Problem to work on:
Reproduce the listing that follows in full. Omit its images.

Records for the exercise:

- - -

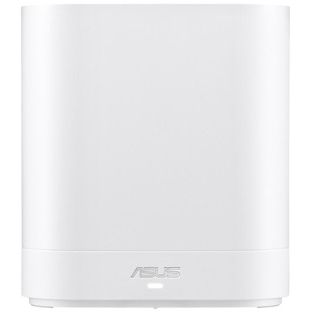 Бесшовный Mesh роутер Asus EBM68 (EBM68 (W-1-PK)) AX7800 100/1000/2500BASE-T белый
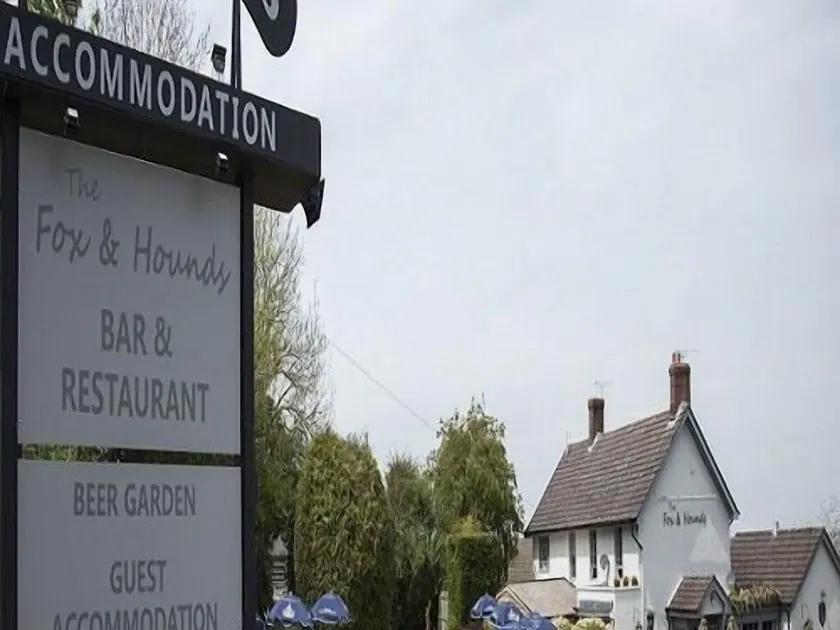 The Fox & Hounds - Image 1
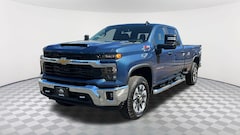 2025 Chevrolet Silverado 2500 HD LT Truck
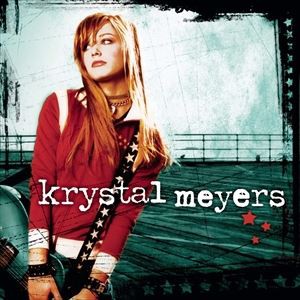 輸入盤 KRYSTAL MEYERS / KRYSTAL MEYERS [CD]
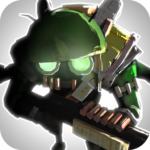 Bug Heroes 2 1.02.02 APK (MOD, Unlimited Diamonds)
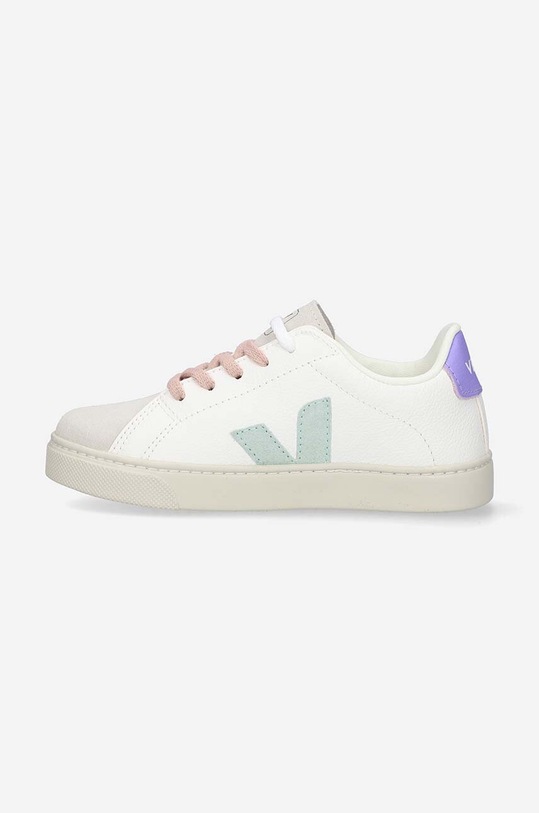 Veja suede sneakers RS0502862T multicolor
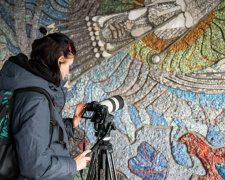 Мариупольские мозаики покажут всей Украине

- - -

Your response:
 Бесшовный Mesh роутер Asus EBM68 (EBM68 (W-1-PK)) AX7800 100/1000/2500BASE-T белый
 The Fox & Hounds - Image 1
 2025 Chevrolet Silverado 2500 HD LT Truck
 輸入盤 KRYSTAL MEYERS / KRYSTAL MEYERS [CD]
 Bug Heroes 2 1.02.02 APK (MOD, Unlimited Diamonds)
 Veja suede sneakers RS0502862T multicolor
 Мариупольские мозаики покажут всей Украине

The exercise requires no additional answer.